Source data:

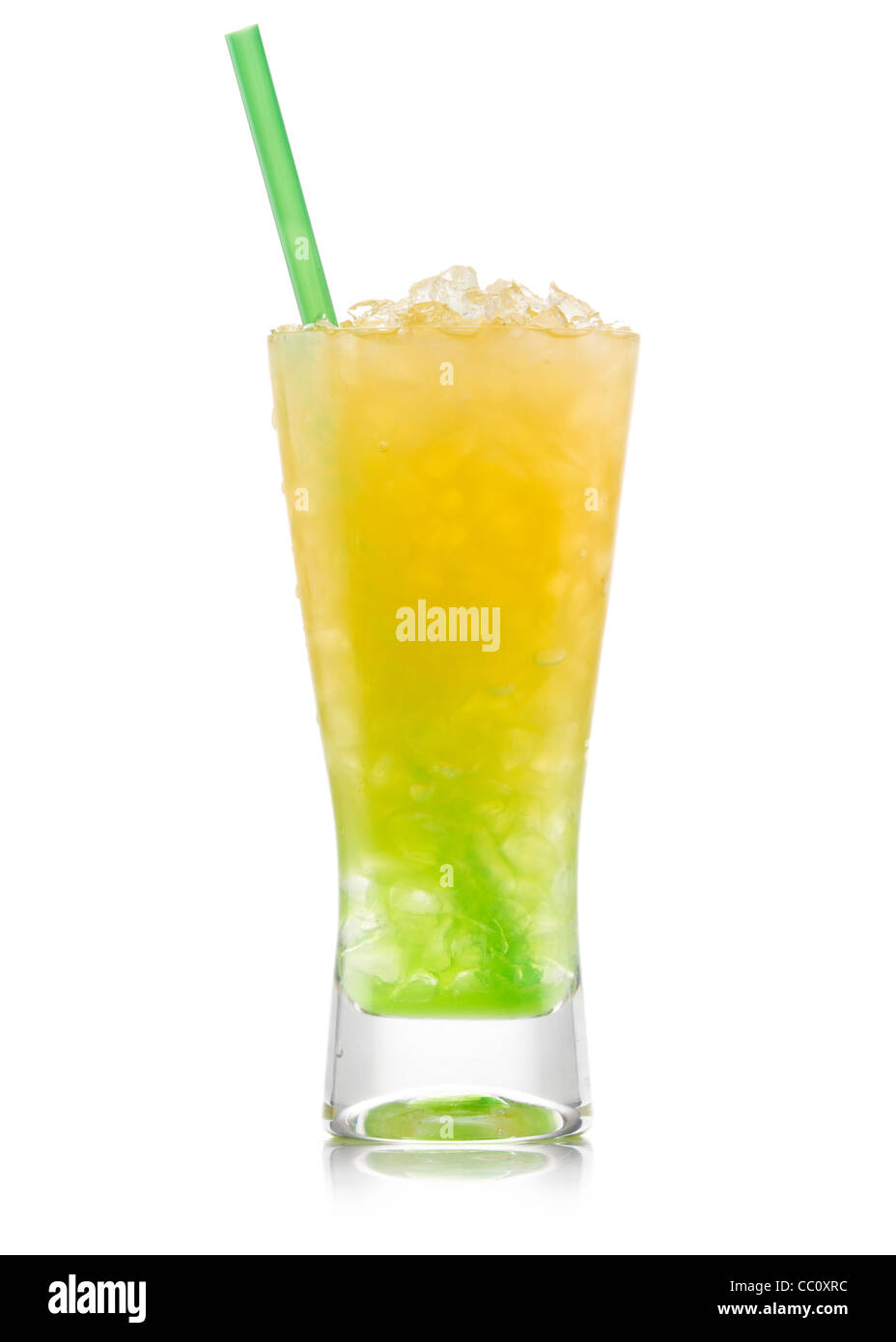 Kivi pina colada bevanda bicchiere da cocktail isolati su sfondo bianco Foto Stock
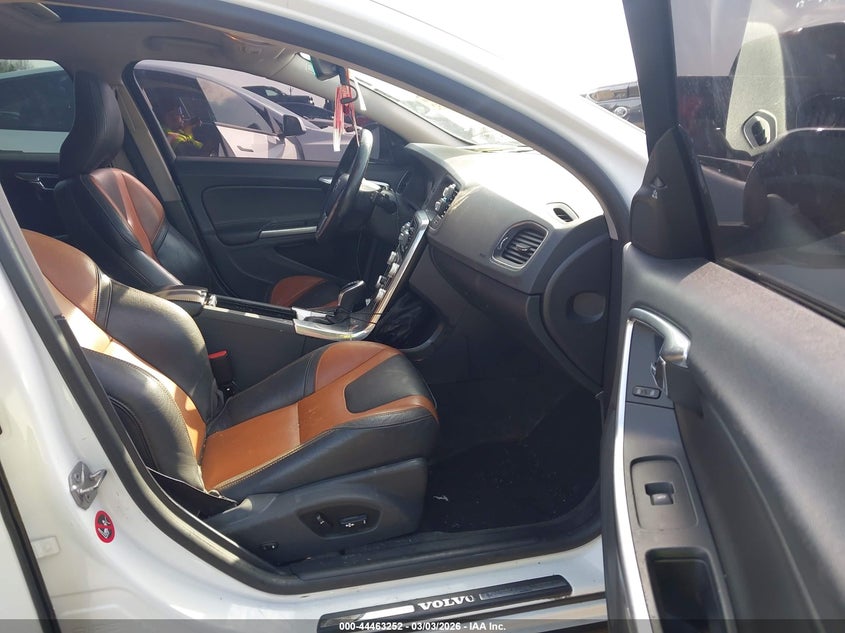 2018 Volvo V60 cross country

...

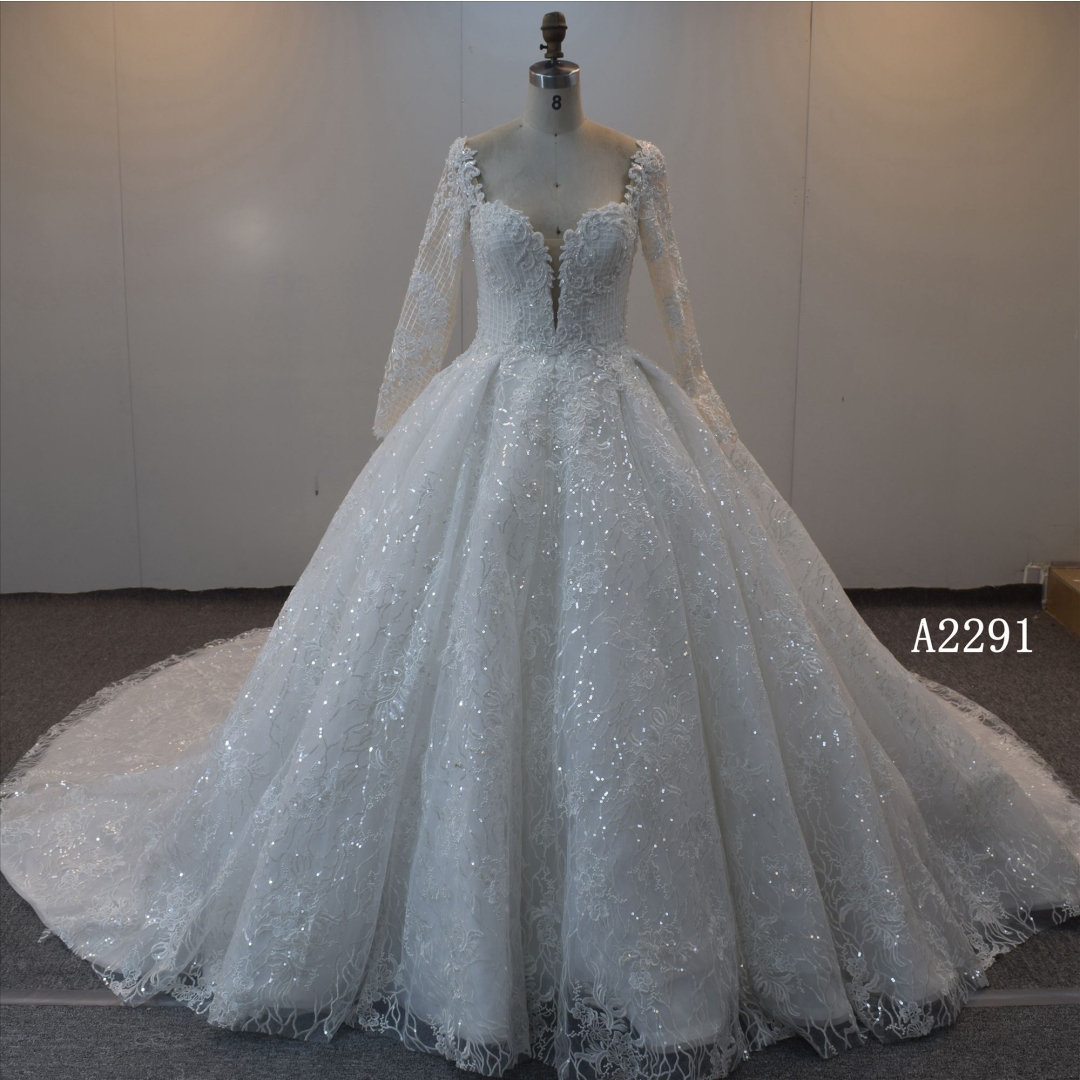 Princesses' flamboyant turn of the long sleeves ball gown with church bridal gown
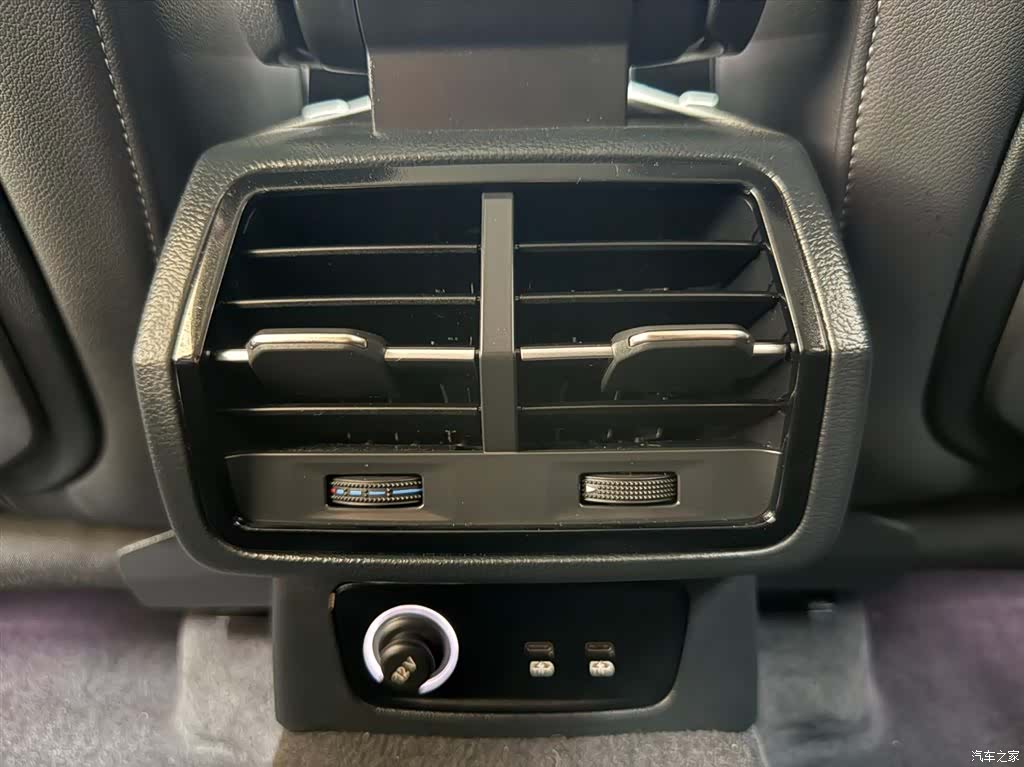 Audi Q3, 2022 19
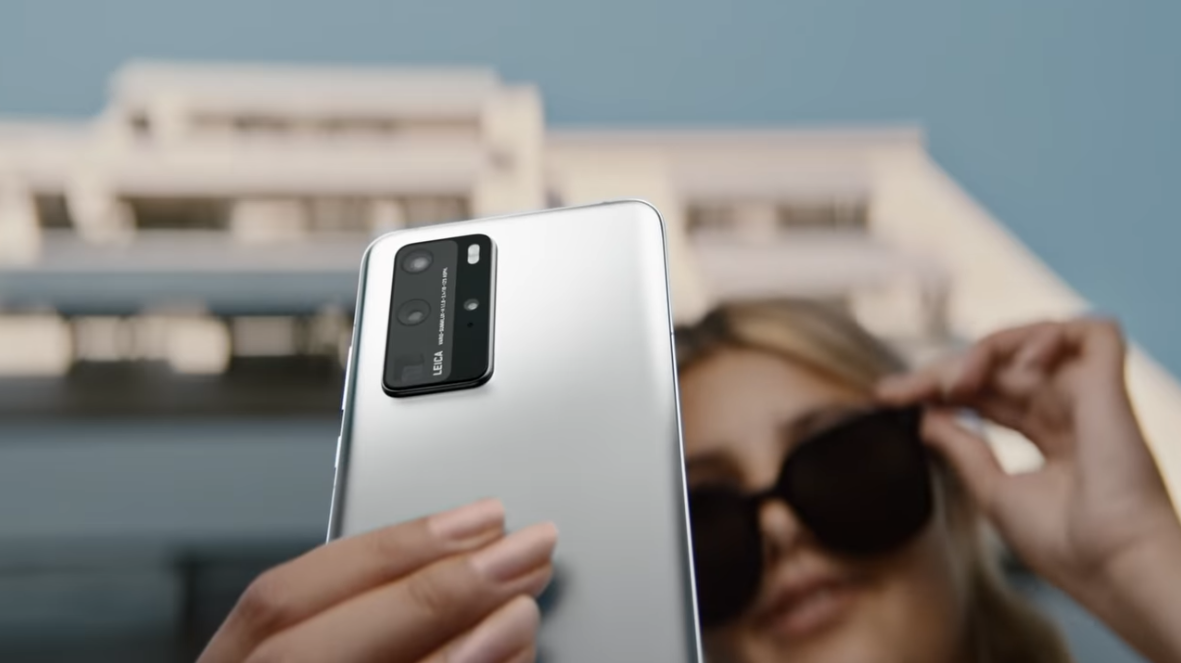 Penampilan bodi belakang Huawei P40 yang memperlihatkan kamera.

* * *

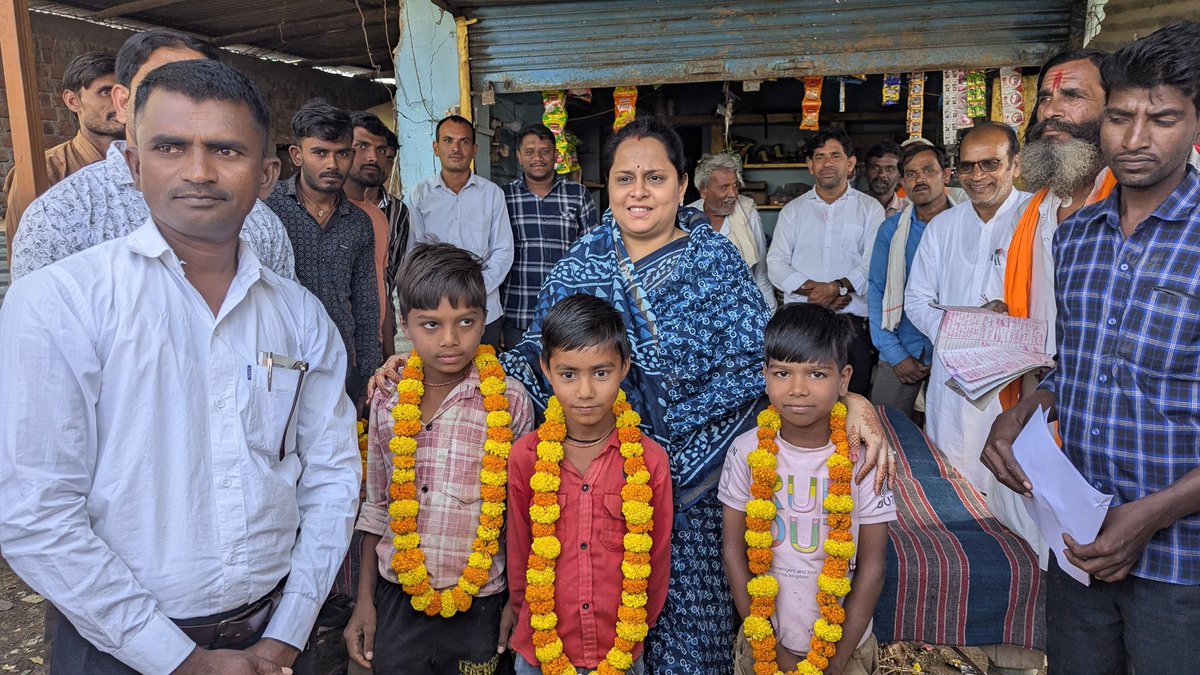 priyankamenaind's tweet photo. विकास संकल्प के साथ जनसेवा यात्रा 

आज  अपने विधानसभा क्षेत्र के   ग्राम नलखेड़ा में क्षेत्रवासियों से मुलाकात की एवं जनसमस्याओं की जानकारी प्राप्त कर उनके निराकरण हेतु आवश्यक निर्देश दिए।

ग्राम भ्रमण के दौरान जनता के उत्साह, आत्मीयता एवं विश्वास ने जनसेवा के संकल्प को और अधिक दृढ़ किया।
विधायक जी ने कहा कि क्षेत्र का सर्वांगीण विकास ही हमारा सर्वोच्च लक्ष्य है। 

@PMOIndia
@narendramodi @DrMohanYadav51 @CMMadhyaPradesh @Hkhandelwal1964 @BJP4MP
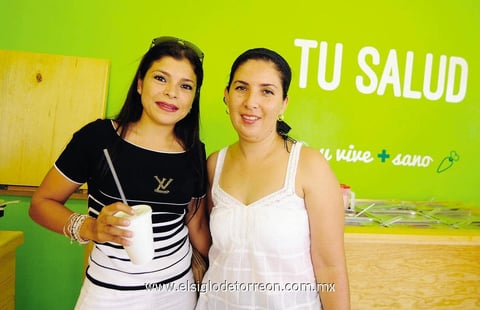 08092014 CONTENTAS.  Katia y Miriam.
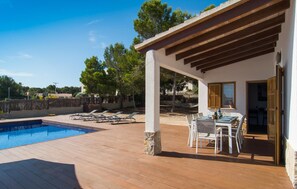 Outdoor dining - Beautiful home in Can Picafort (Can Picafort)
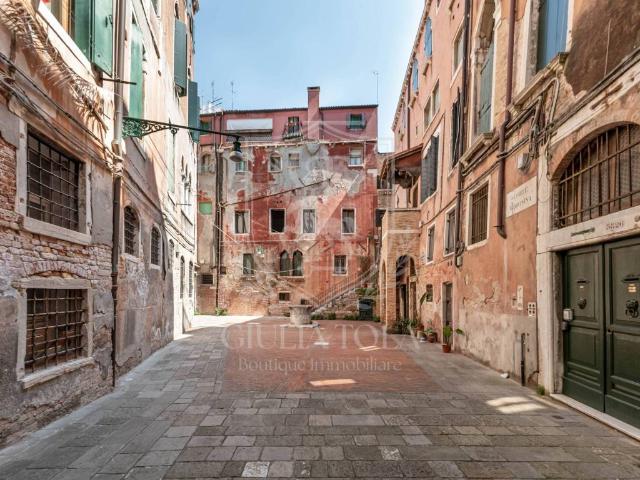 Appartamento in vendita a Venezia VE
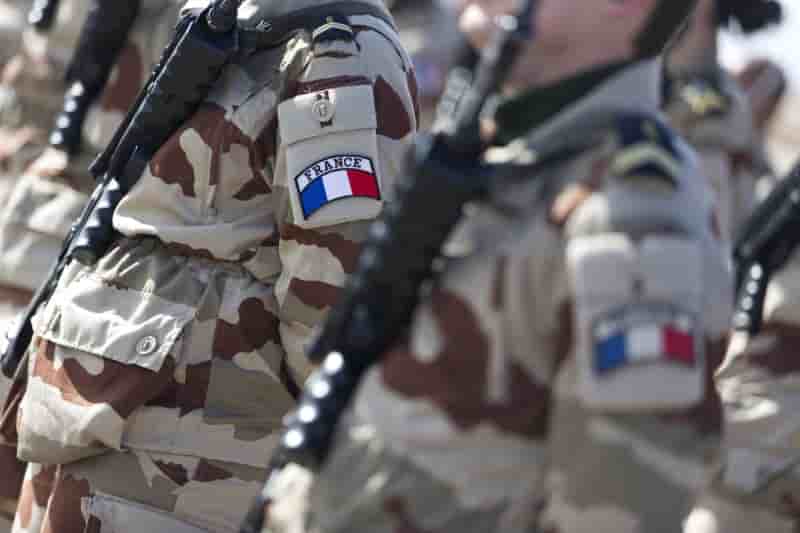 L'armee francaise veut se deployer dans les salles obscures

Work to be completed: Transcribe the lines above exactly, beginning at the one with "विधायक जी ने" and ending at the one with "Appartamento in vendita a Venezia VE". Include both; exclude the pictures.

Answer box:
विधायक जी ने कहा कि क्षेत्र का सर्वांगीण विकास ही हमारा सर्वोच्च लक्ष्य है। 

@PMOIndia
@narendramodi @DrMohanYadav51 @CMMadhyaPradesh @Hkhandelwal1964 @BJP4MP
 08092014 CONTENTAS.  Katia y Miriam.
 Outdoor dining - Beautiful home in Can Picafort (Can Picafort)
 Appartamento in vendita a Venezia VE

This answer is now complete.